When something calls SecTrustEvaluateIfNecessary() or SecKeyVerifySignature(), those calls often route to trustd over XPC. Under normal conditions trustd is nearly idle. When it's at 60% CPU, something is hammering it with verification requests — thousands per second on a single thread.

Ecosystemd and ecosystemanalyticsd are Apple's Ecosystem framework daemons, introduced to support iPhone Mirroring and Handoff features in macOS Sequoia. They as root in the system launchd domain.

ecosystemanalyticsd contains a component called RosettaCoordinator — despite the name, this isn't just about Rosetta 2. It scans running processes to build an inventory for Apple's ecosystem telemetry. For each binary it finds, it:

1. Inspects the binary's code signature

2. Tries to locate the app's iCloud document root via com.apple.bird (the iCloud Drive sync daemon)

3. Records usage metadata

So some system processes, doing some very important work I'm sure.

There are dozens of articles / blogs / forum posts dating few years back about high trustd CPU usage. None of the fixes recommended there (I tried them all) helped. I had to jump into browsing the macos system logs with the logs command and see if there was something weird. Of course, I used Claude here to analyze the logs.

In no time, Claude found out that there is this thing called com.apple.bird that was a likely culprit.

Bird is the iCloud Drive sync daemon which simply syncs files between the mac and iCloud.

ecosystemd, like trustd, is a system process. bird on the other hand lives in your user session.

According to Claude's findings from system logs ecosystemd constantly tries to talk to bird over XPC (macOS IPC mechanism), but bird isn't visible from the system domain. Every lookup fails with:

XPC error 159: failed to do a bootstrap look-up

There should be some kind of a exponential backoff mechanism here but no such luck. It retries immediately, forever. Each retry triggers SecTrustEvaluateIfNecessarySecKeyVerifySignature → a call to trustd to verify a code signature. trustd handles these serially on a single thread, so it gets buried.

The trio of processes is stuck in a loop.

Killing the processes doesn't help as launchd restarts them almost immediately with no throttle. You could just out right disable the services but seems a bit overkill.
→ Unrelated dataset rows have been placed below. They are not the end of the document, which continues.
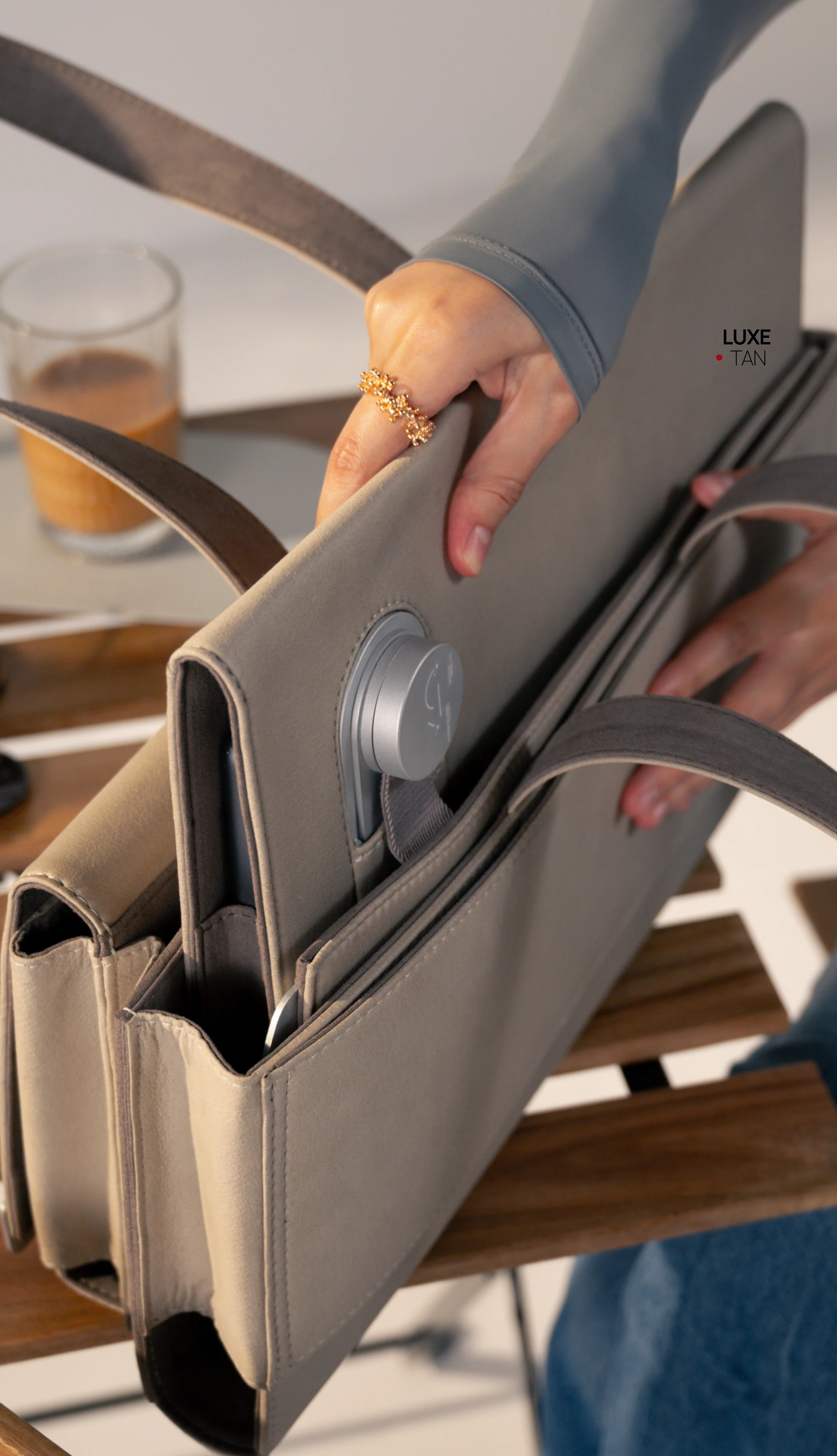 The folio seamlessly sliding into the charcoal tote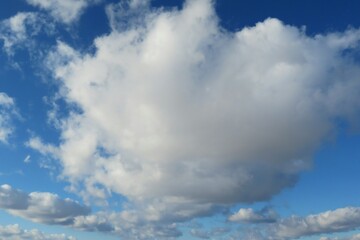 Obraz premium Big fluffy cloud in blue sky, natural clouds background
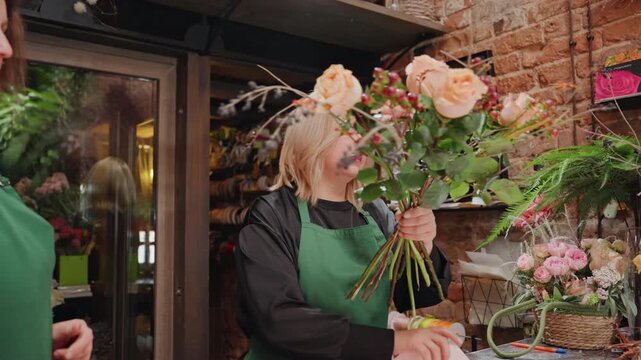 Blonde florist arranging peach rose bouquet in rustic brick workshop, selecting stems trimming leaves wrapping bouquet with craft paper and twine, handson floral design, warm ambient lighting, jars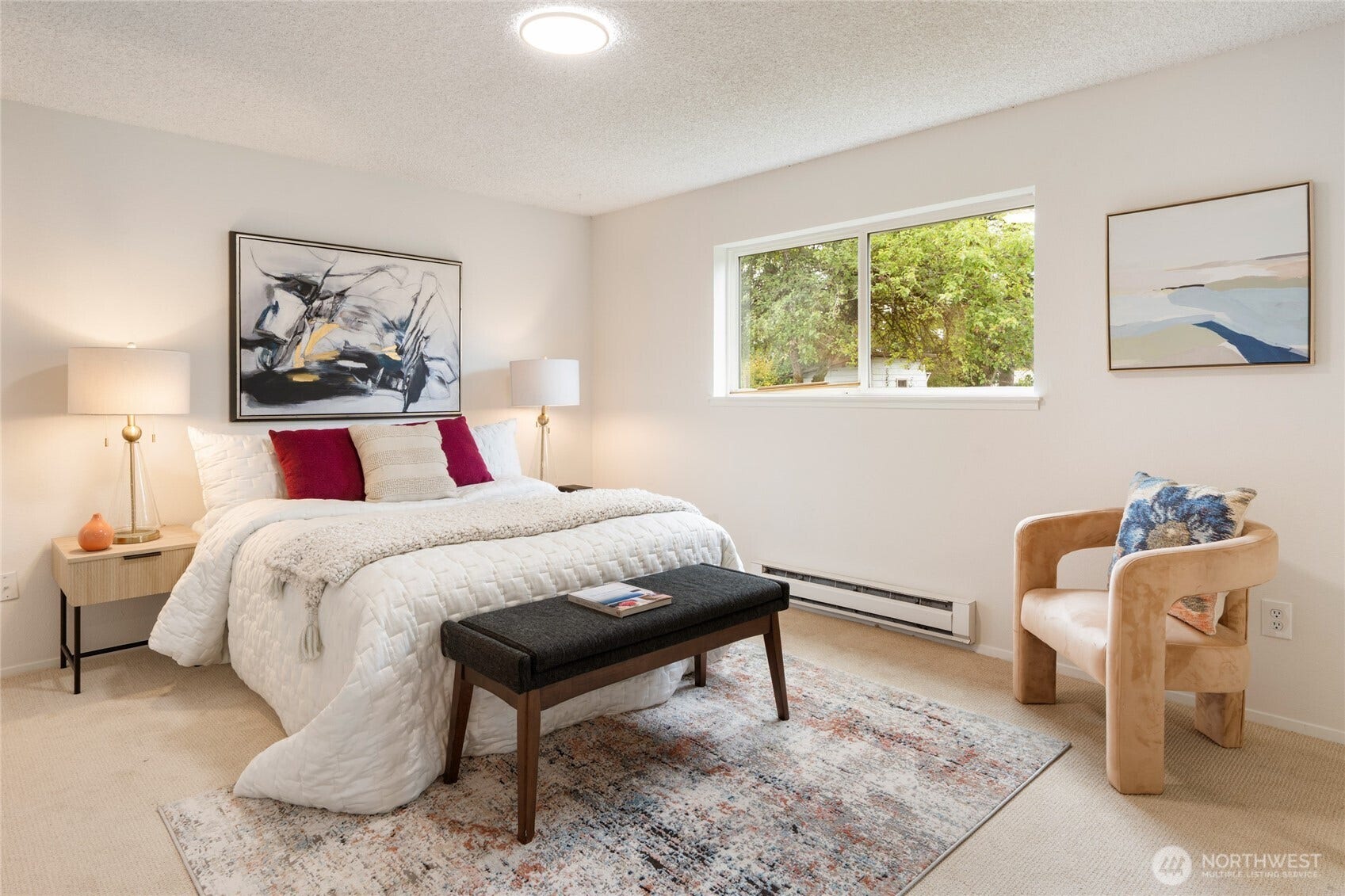 Primary bedroom includes freshly painted walls, updated ensuite bathroom, large closet and looks onto recently redone backyard.
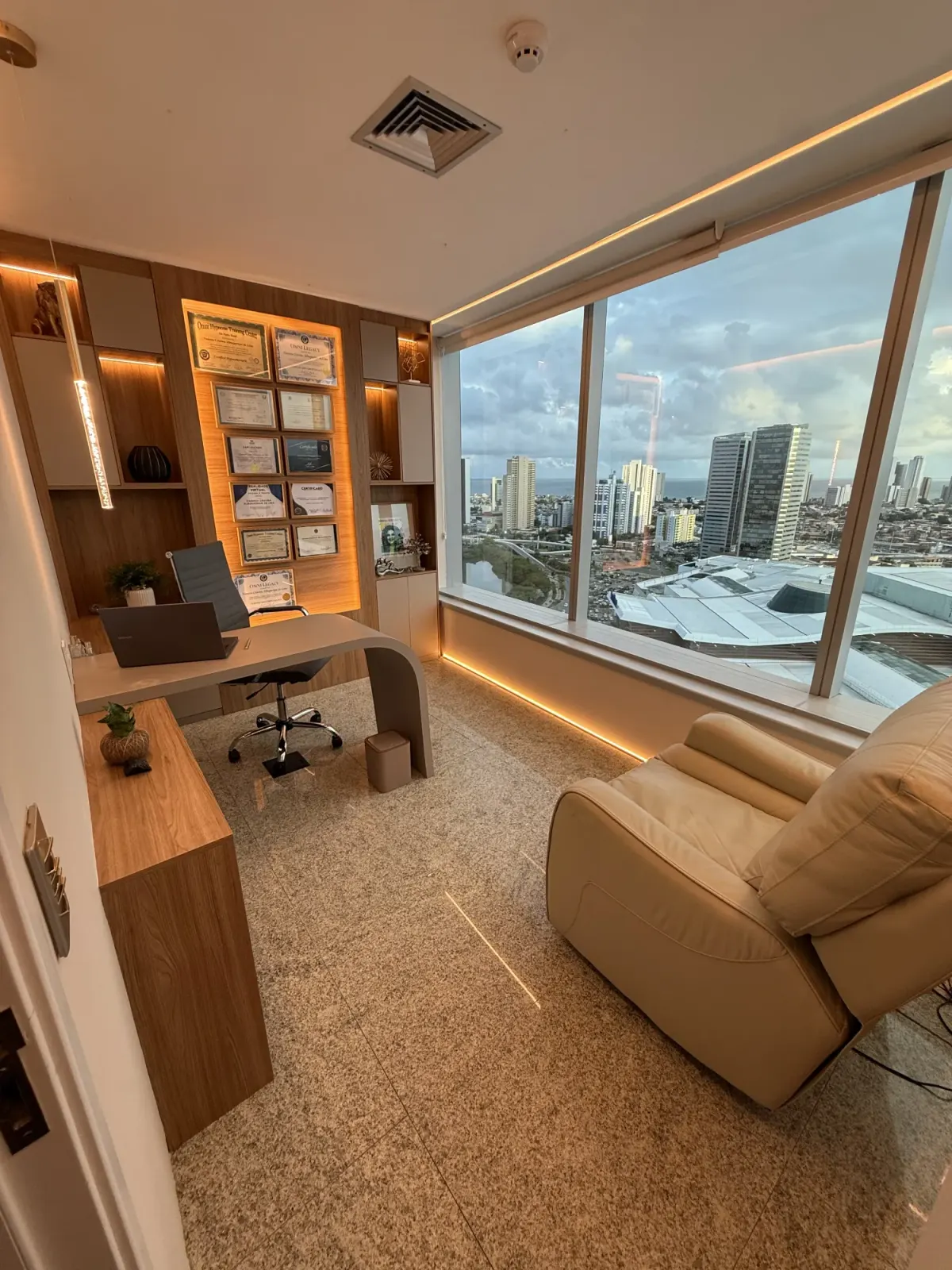 Sala de atendimento da VCare Essence com janela ampla e vista da cidade ao entardecer, poltrona reclinável e luz quente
The annoying part is that signing out of iCloud / disabling iCloud Drive doesn't stop the loop immediately. The XPC lookup fails before iCloud is even involved, so the CPU cycles stay high until you actually reboot.

The fix that ultimately ended up working was rebooting. Signing out of iCloud and back in beforehand seemed to help bird come up cleanly on the next boot, but the reboot was the key part.

I was happy for a while until the problems started reoccuring after a few days. Trustd, was yet again showing up as a high CPU consumer.

It seems that there is some sort of a race condition on boot between the iCloud Drive sync daemon and the ecosystemd process. The ecosystemd starts up before the user space bird process is ready which seems to trigger the loop. Normally bird wins the race and registers its XPC endpoint before ecosystemd comes knocking, but when it doesn't the stale auth to iCloud triggers the loop. Or so I assume.

Here are some commands you can use to diagnose the problem:

log show --predicate 'process == "ecosystemd"' --last 5m --info
log show --predicate 'process == "bird"' --last 10m --info | grep -iE "error|BRCloud"
launchctl print system/com.apple.trustd | grep runs

In the ecosystemd output, look for lines like:

failed to do a bootstrap look-up: xpc_error=[159: Unknown error: 159]                                                                  
Error querying cloud docs root URL: No such file or directory

I'm pretty sure this is a bug in my specific setup since I would imagine not all macos users are affected by this.